§ Work instruction
Leaving the pictures aside, transcribe the data below exactly.

§ Dataset extract
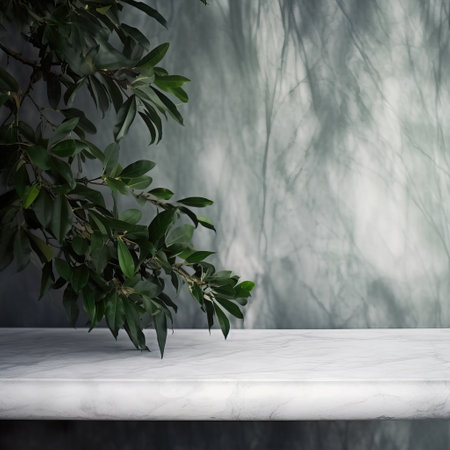 Empty table background with green leaves, botanical product placement backgroundの素材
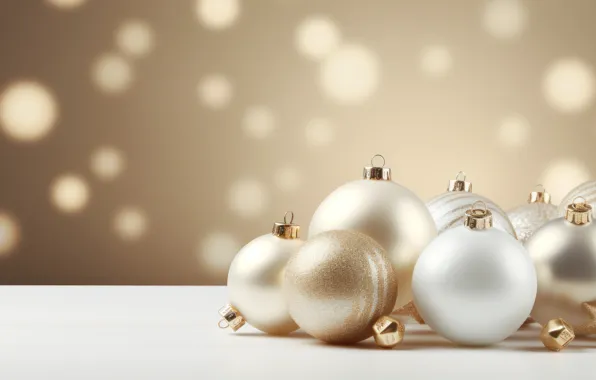 Balls, lights, background, Christmas, New year, gold plated, gold, bokeh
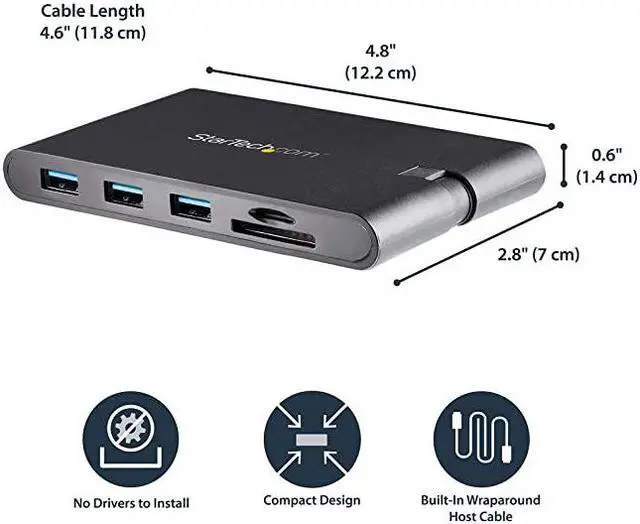 Alt view image 4 of 6 - com USB C Multiport Adapter - USB Type-C Mini Dock with HDMI 4K or VGA 1080p Video - 100W Power Delivery Passthrough, 3-port USB 3.0 Hub, GbE, SD & MicroSD - Laptop Travel Dock (DKT30CHVSCPD)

§ Response below
 Empty table background with green leaves, botanical product placement backgroundの素材
 Balls, lights, background, Christmas, New year, gold plated, gold, bokeh
 Alt view image 4 of 6 - com USB C Multiport Adapter - USB Type-C Mini Dock with HDMI 4K or VGA 1080p Video - 100W Power Delivery Passthrough, 3-port USB 3.0 Hub, GbE, SD & MicroSD - Laptop Travel Dock (DKT30CHVSCPD)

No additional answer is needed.